[Opening Source records section]

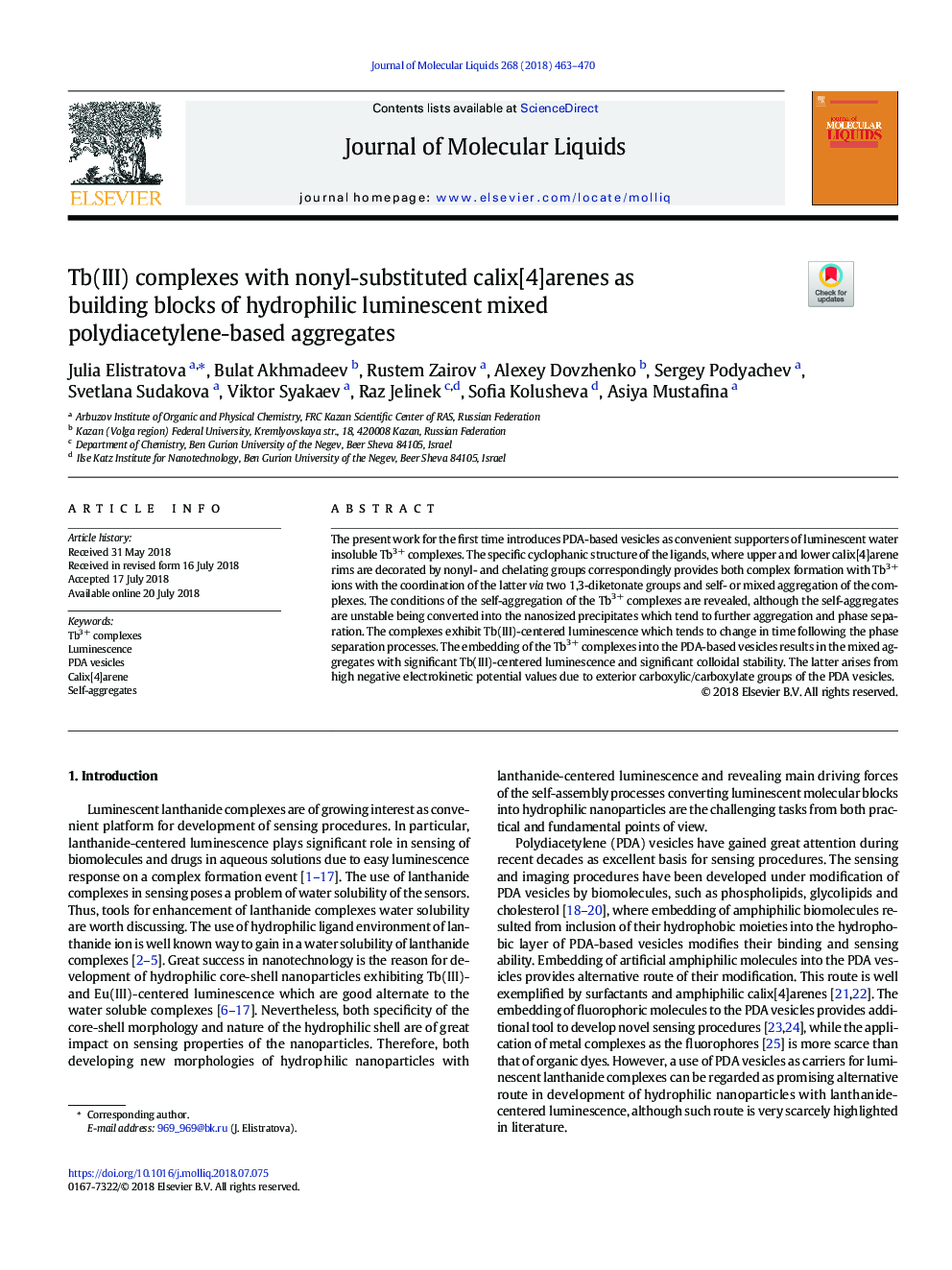 Tb(III) complexes with nonyl-substituted calix[4]arenes as building blocks of hydrophilic luminescent mixed polydiacetylene-based aggregates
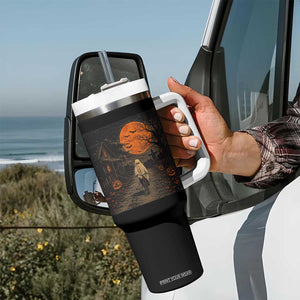 Halloween Spooky Ghost Biking Tumbler With Handle Vintage Ghost Riding Bicycle Gothic Moonlit Pumpkin Autumn Graphic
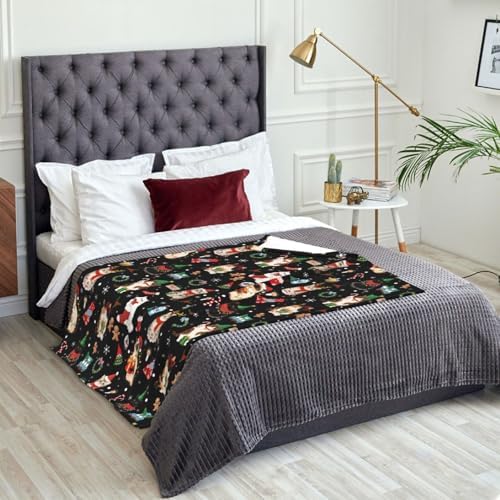 Christmas Cats Fuzzy Fleece Blanket, Soft Cozy Throw Blankets for Couch, Bed, Sofa, for Boys Girls Kids, Cat Lovers 50"x40" - Image 7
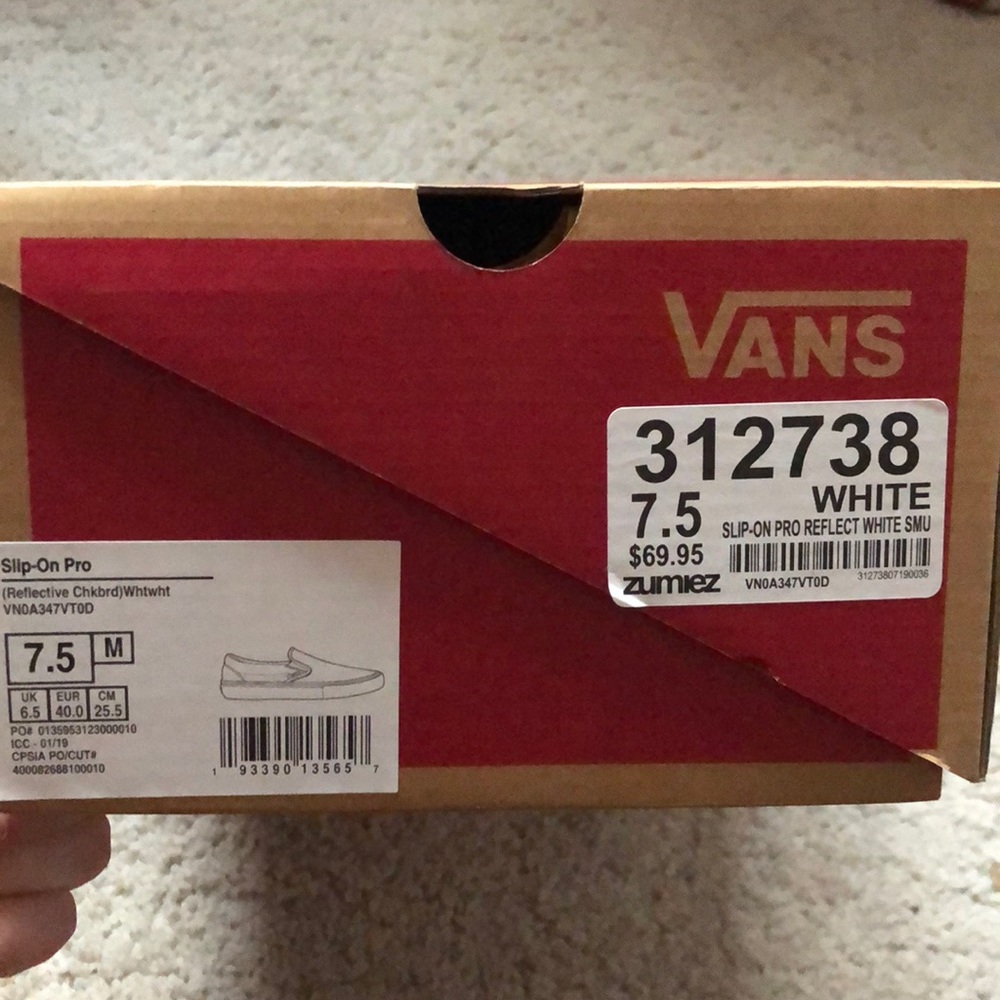 Brand new reflective white vans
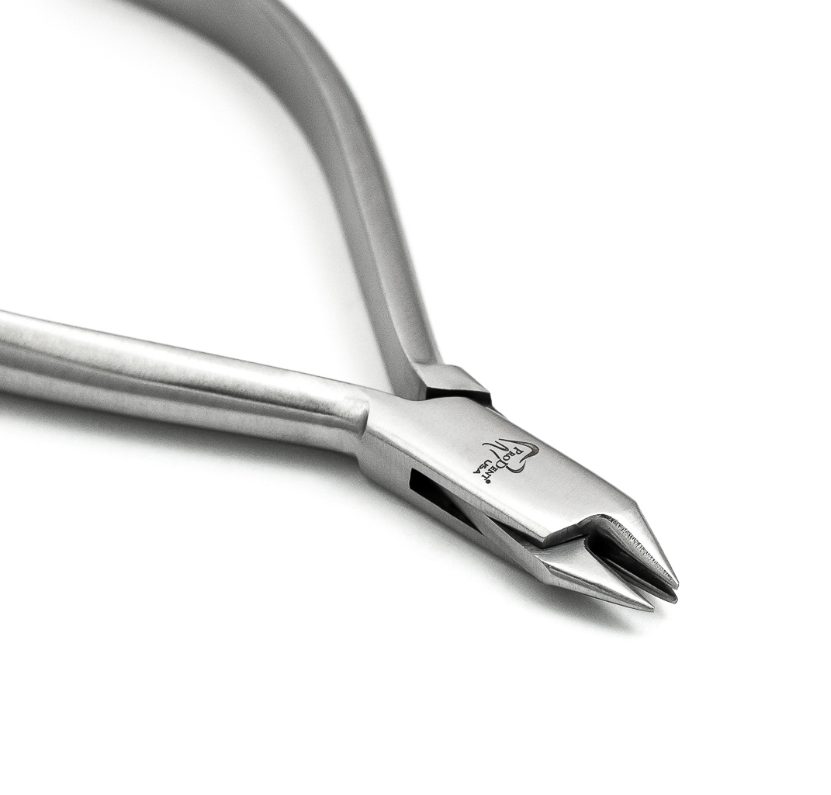 a pair of stainless steel dental three-prong pliers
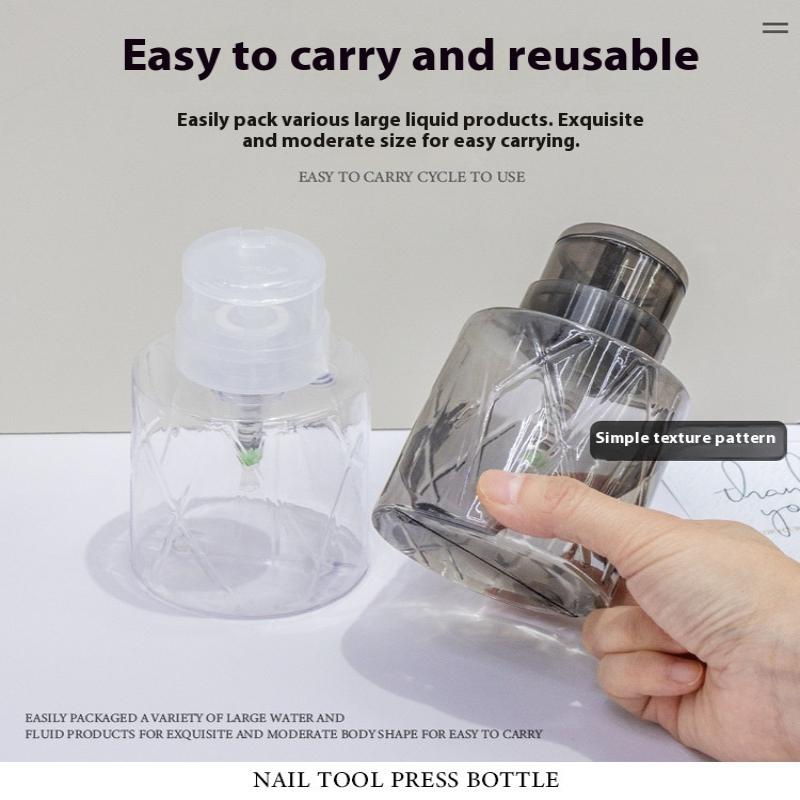 Refillable Lockable Empty Pump Dispenser Nail Manicure Cleaner Makeup Remover Container Press Bottle For Personal Use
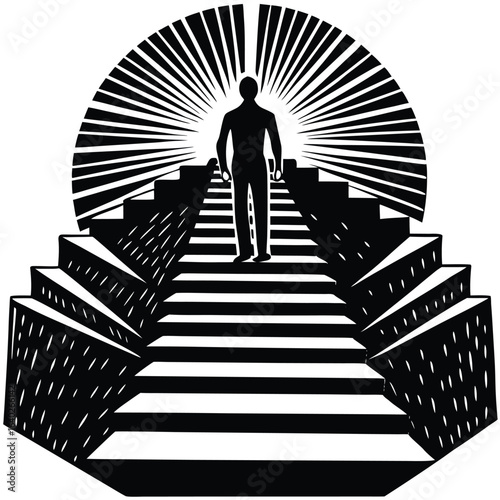 a person ascending stairs into brightness. Success, motivation, or self-growth theme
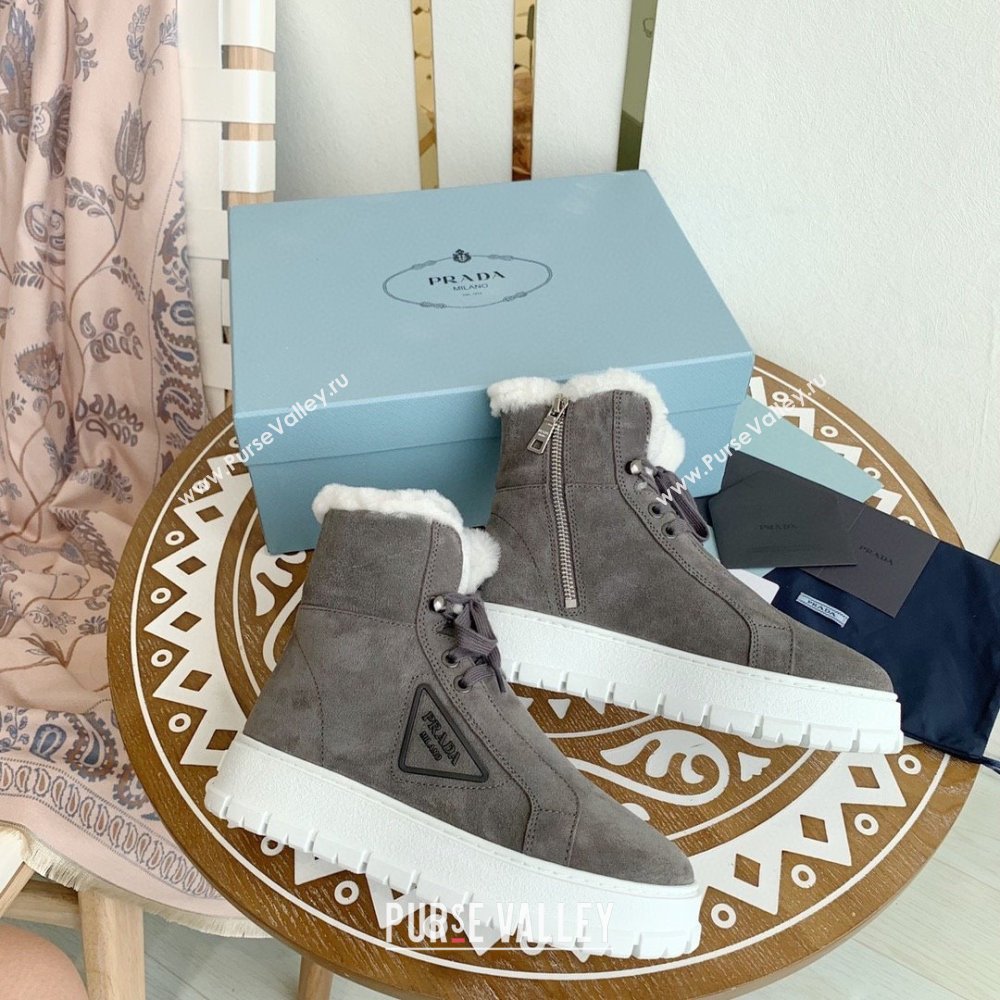 Prada Nylon gabardine lace-up booties dark grey 1T492M 2023 (keer-231023-11)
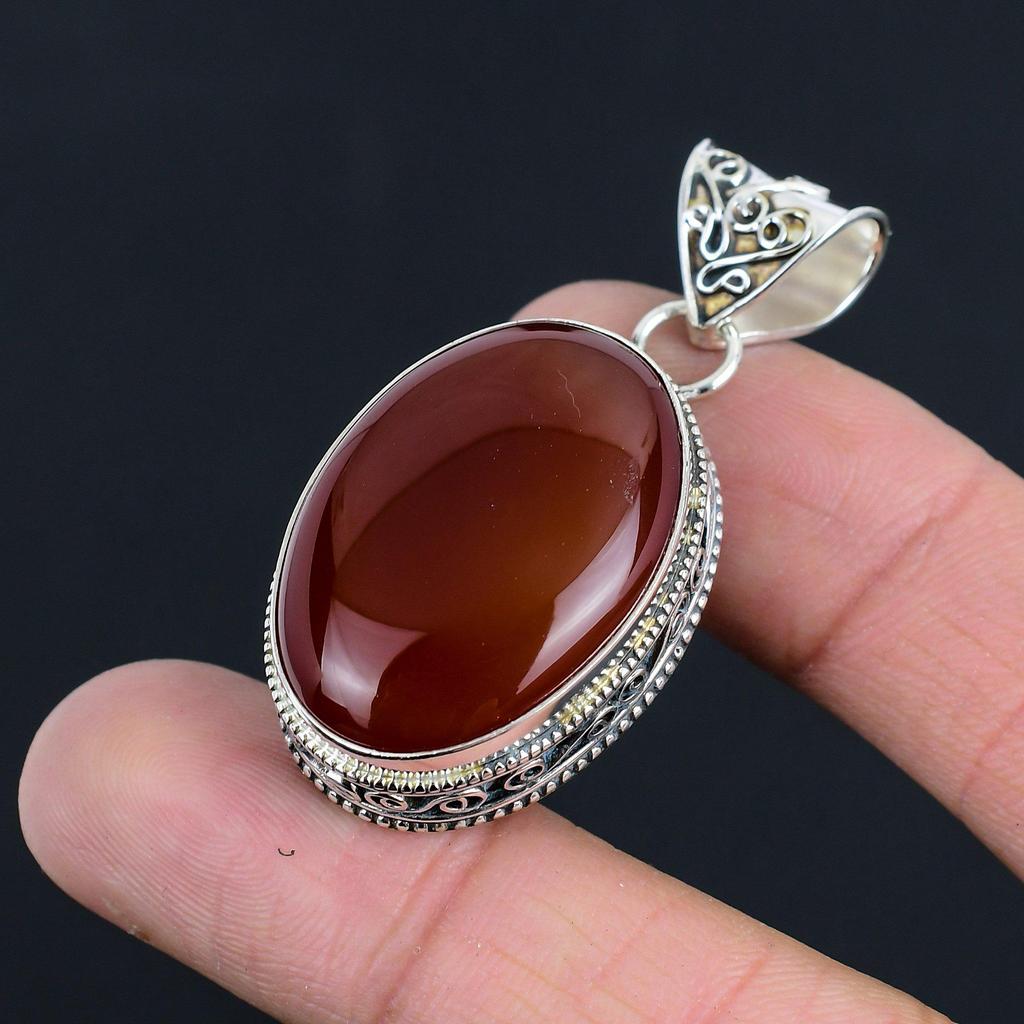 Döttrarnas Dag-erbjudande 925 Sterling Silver Oval Naturlig Karneol Jubileum Hantverkspendant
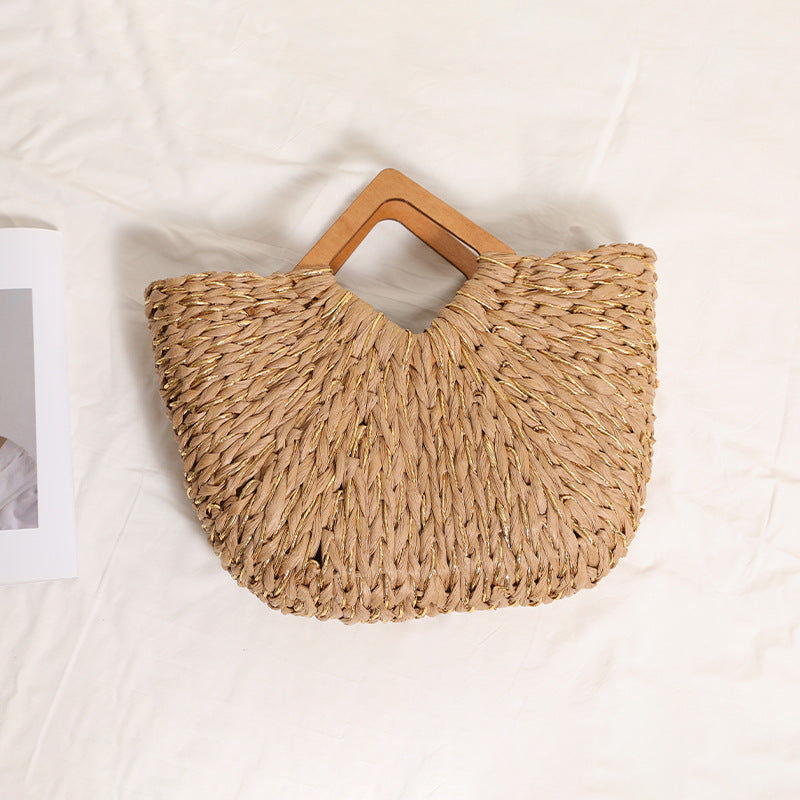 Handcrafted Portable Baskets Bag with Wooden Handles Stornfield
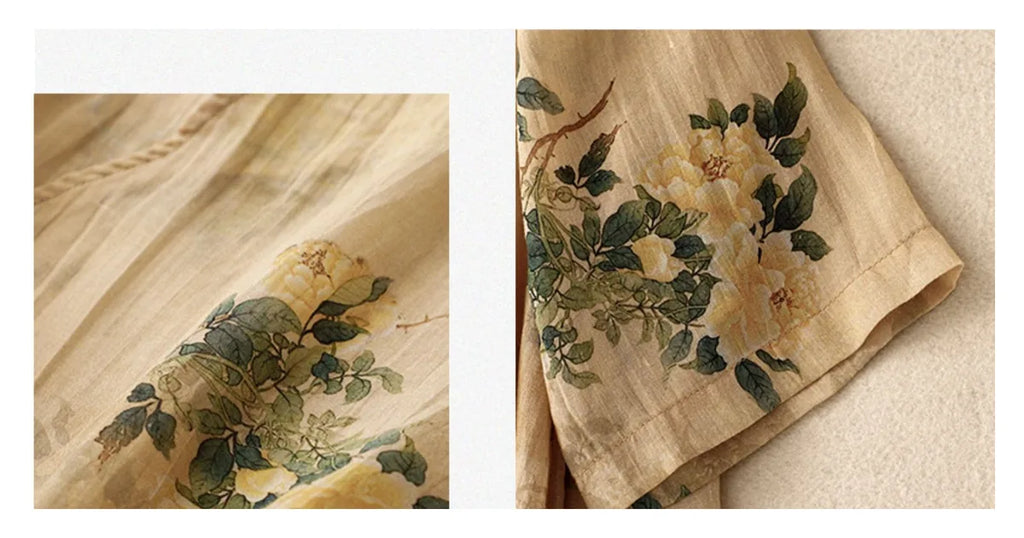 Floral Print Cotton Linen Three Quarter Sleeve Shirt - product image 13 - unknown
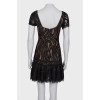 Black pleated lace dress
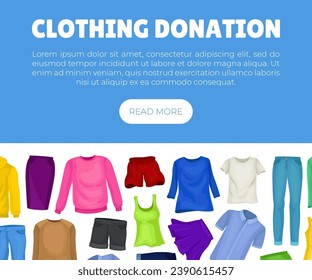 Clothing Donation Banner Design with Garment and Apparel Vector Template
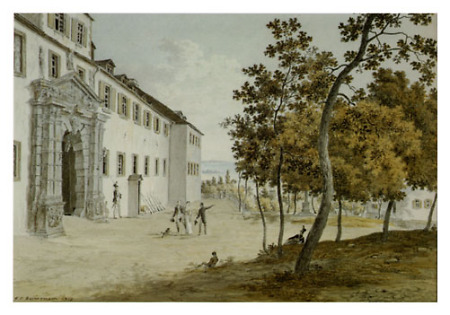 Das Portal im Uhrturmflügel mit Herrngasse, Prinzessinnenhaus und Landgrafendenkmal, 1819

[Closing Source records section]

> _Task directions_: From the opening line of the entries, copy each line exactly until the line with "Handcrafted Portable Baskets", which is copied as well; leave out pictures.

> _Task output_:
 Tb(III) complexes with nonyl-substituted calix[4]arenes as building blocks of hydrophilic luminescent mixed polydiacetylene-based aggregates
 Halloween Spooky Ghost Biking Tumbler With Handle Vintage Ghost Riding Bicycle Gothic Moonlit Pumpkin Autumn Graphic
 Christmas Cats Fuzzy Fleece Blanket, Soft Cozy Throw Blankets for Couch, Bed, Sofa, for Boys Girls Kids, Cat Lovers 50"x40" - Image 7
 Brand new reflective white vans
 a pair of stainless steel dental three-prong pliers
 Refillable Lockable Empty Pump Dispenser Nail Manicure Cleaner Makeup Remover Container Press Bottle For Personal Use
 a person ascending stairs into brightness. Success, motivation, or self-growth theme
 Prada Nylon gabardine lace-up booties dark grey 1T492M 2023 (keer-231023-11)
 Döttrarnas Dag-erbjudande 925 Sterling Silver Oval Naturlig Karneol Jubileum Hantverkspendant
 Handcrafted Portable Baskets Bag with Wooden Handles Stornfield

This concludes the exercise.